**Entries supplied:**
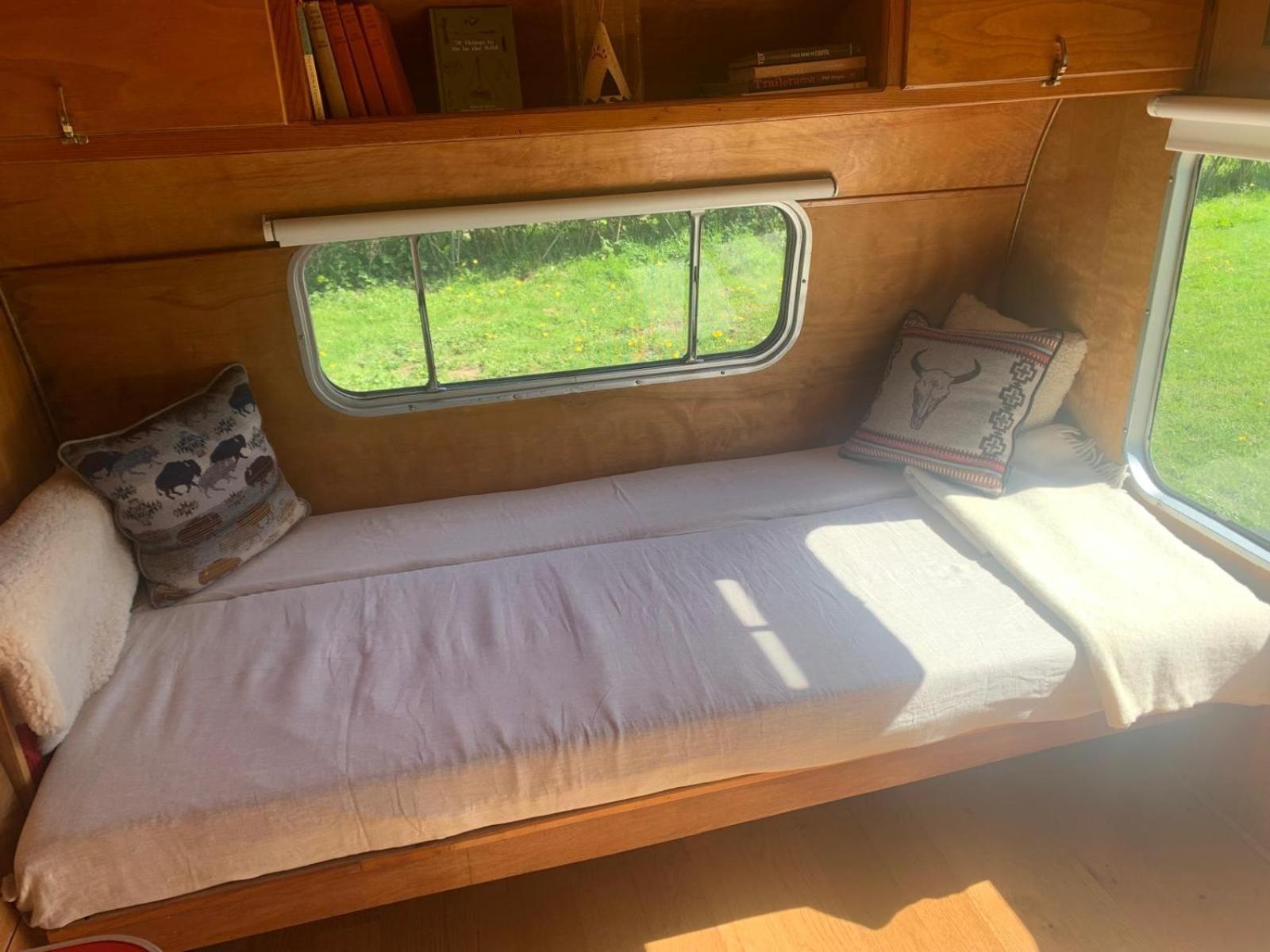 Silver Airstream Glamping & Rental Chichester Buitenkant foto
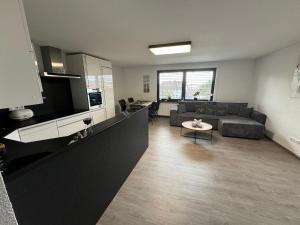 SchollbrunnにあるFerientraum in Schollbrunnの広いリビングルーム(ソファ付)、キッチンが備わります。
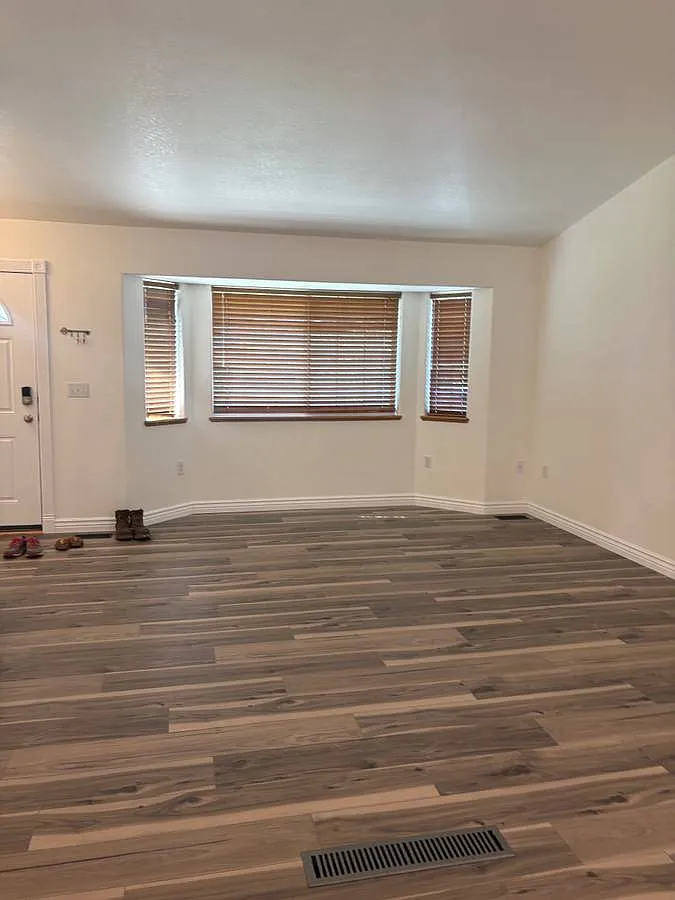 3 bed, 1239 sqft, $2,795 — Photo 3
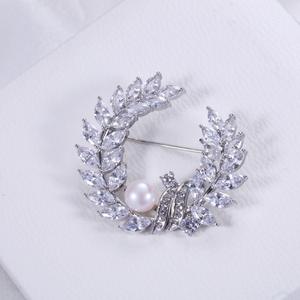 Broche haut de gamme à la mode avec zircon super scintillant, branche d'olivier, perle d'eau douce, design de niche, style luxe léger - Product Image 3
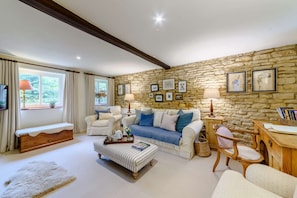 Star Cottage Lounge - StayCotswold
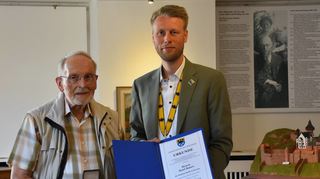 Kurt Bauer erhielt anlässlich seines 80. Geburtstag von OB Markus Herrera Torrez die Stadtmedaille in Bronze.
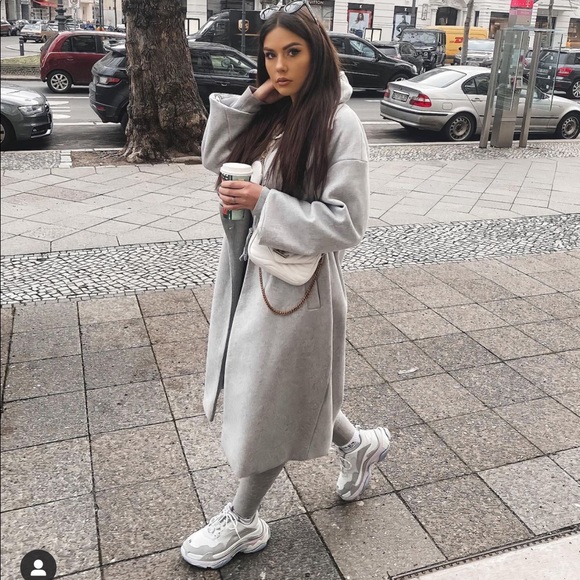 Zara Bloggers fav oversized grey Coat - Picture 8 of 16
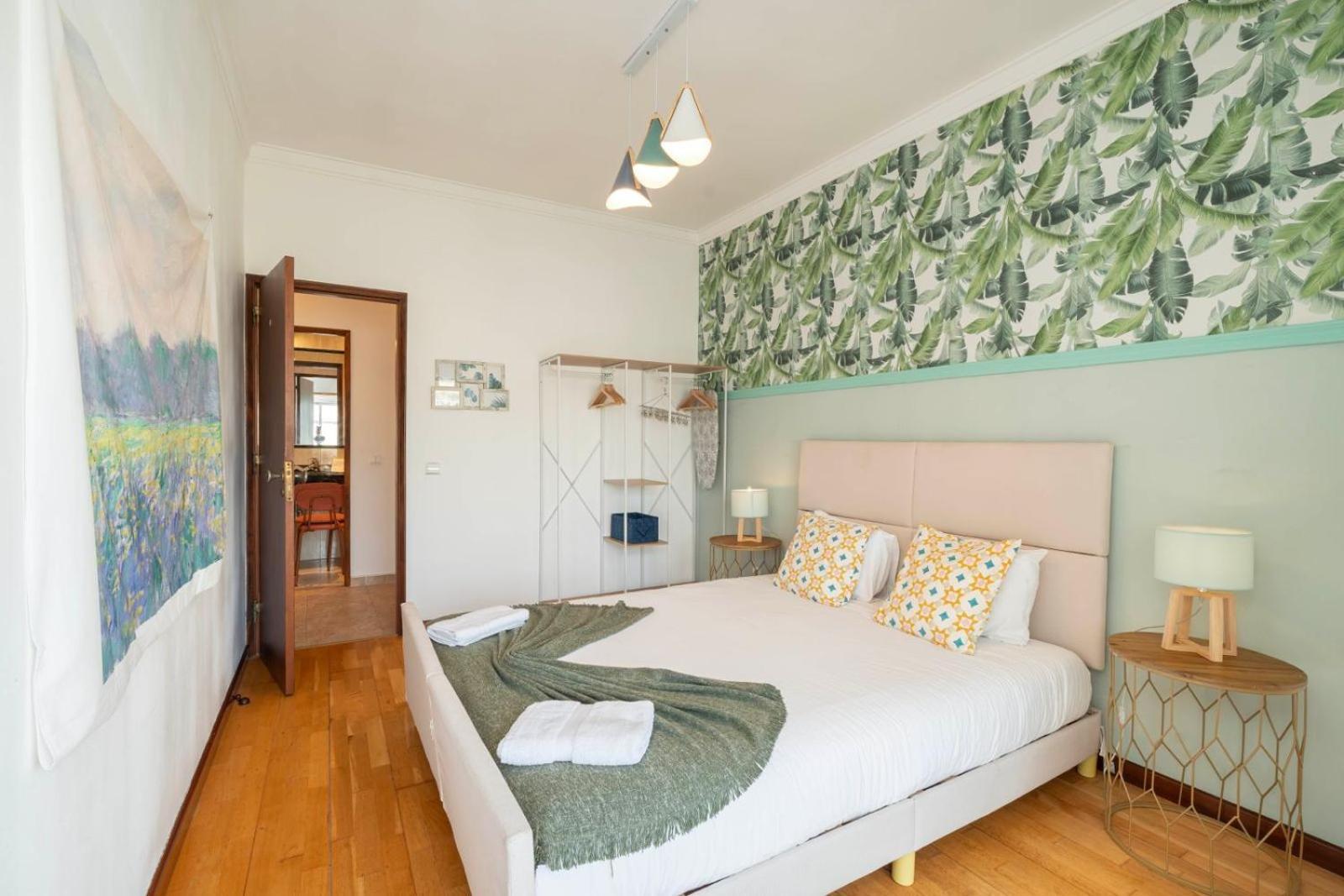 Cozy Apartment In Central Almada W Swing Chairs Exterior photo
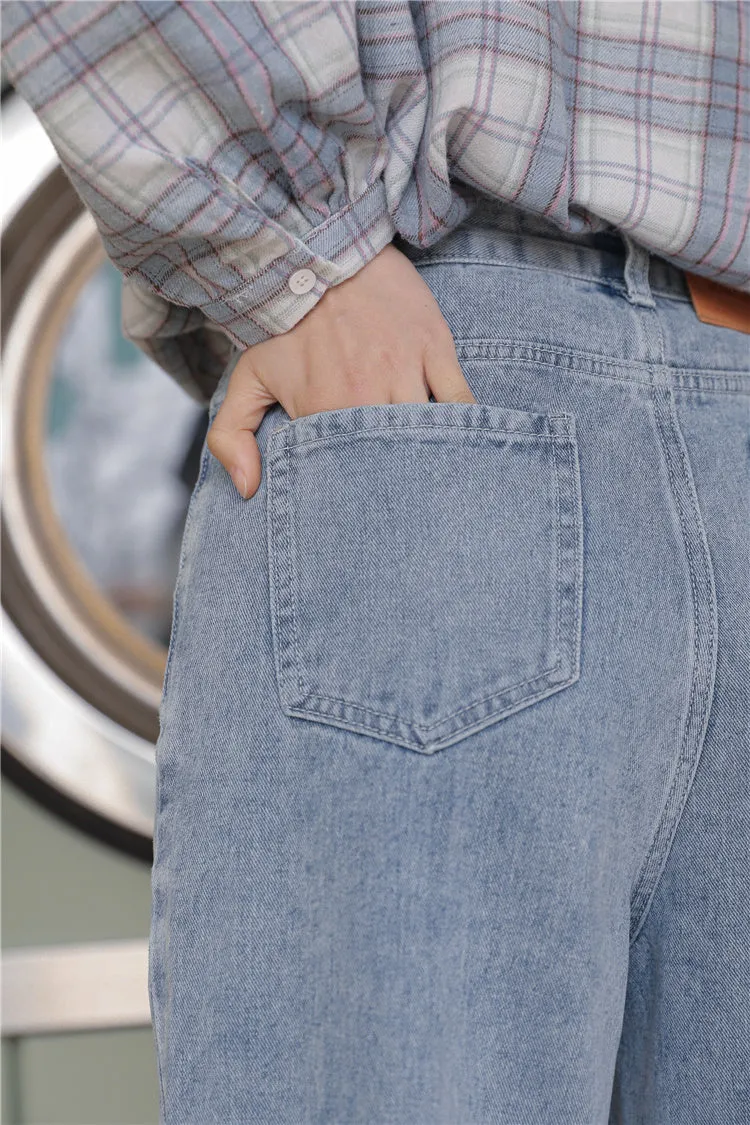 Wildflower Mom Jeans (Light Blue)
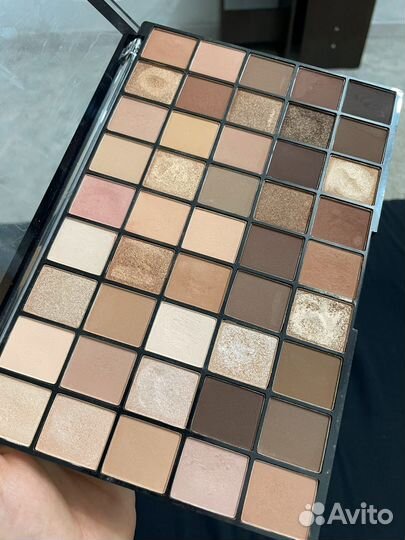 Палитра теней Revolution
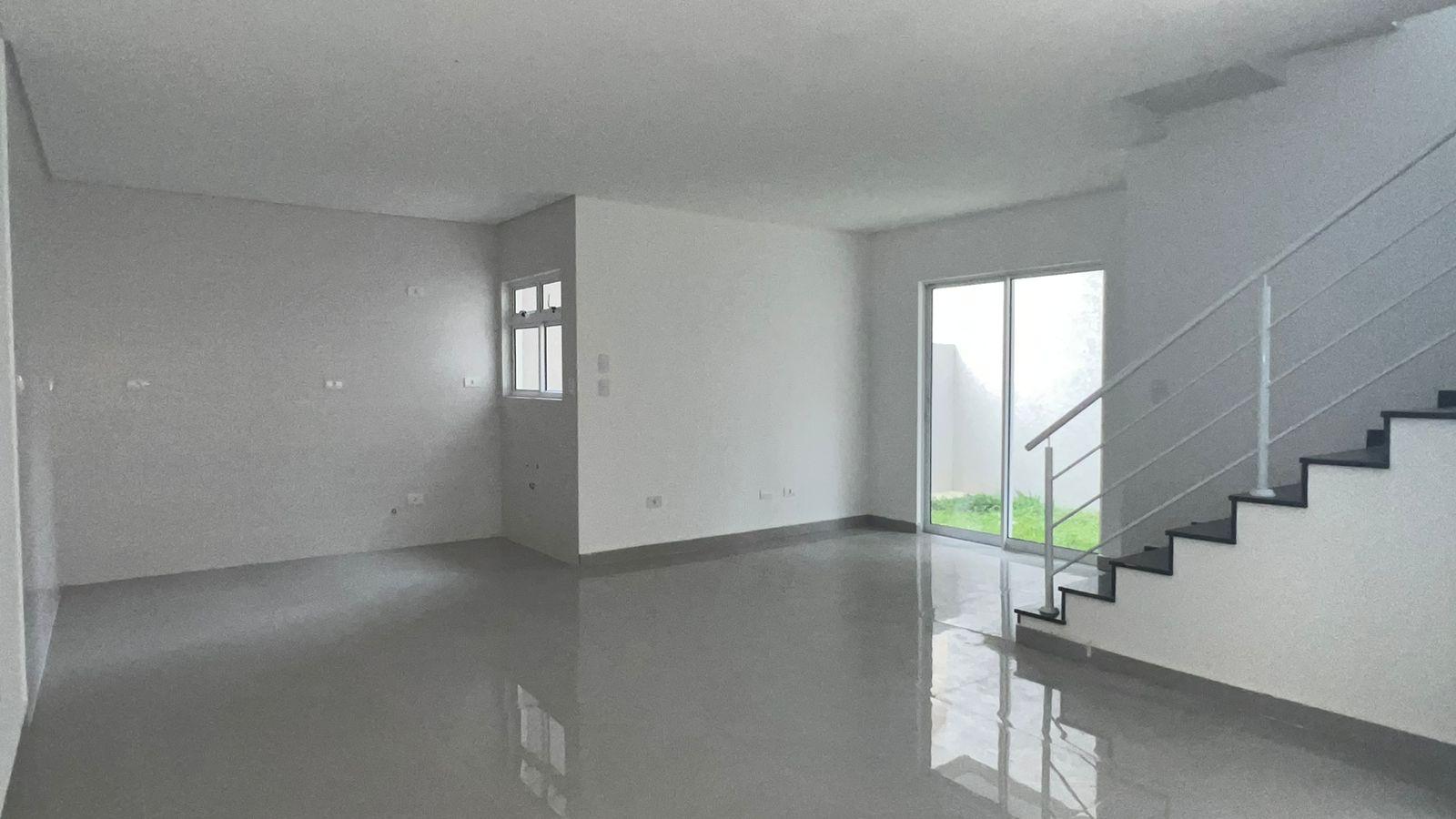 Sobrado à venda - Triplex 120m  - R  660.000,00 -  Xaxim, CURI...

**Work item:** Set down the material above word for word and skip its pictures.

**Response:**
 Silver Airstream Glamping & Rental Chichester Buitenkant foto
 SchollbrunnにあるFerientraum in Schollbrunnの広いリビングルーム(ソファ付)、キッチンが備わります。
 3 bed, 1239 sqft, $2,795 — Photo 3
 Broche haut de gamme à la mode avec zircon super scintillant, branche d'olivier, perle d'eau douce, design de niche, style luxe léger - Product Image 3
 Star Cottage Lounge - StayCotswold
 Kurt Bauer erhielt anlässlich seines 80. Geburtstag von OB Markus Herrera Torrez die Stadtmedaille in Bronze.
 Zara Bloggers fav oversized grey Coat - Picture 8 of 16
 Cozy Apartment In Central Almada W Swing Chairs Exterior photo
 Wildflower Mom Jeans (Light Blue)
 Палитра теней Revolution
 Sobrado à venda - Triplex 120m  - R  660.000,00 -  Xaxim, CURI...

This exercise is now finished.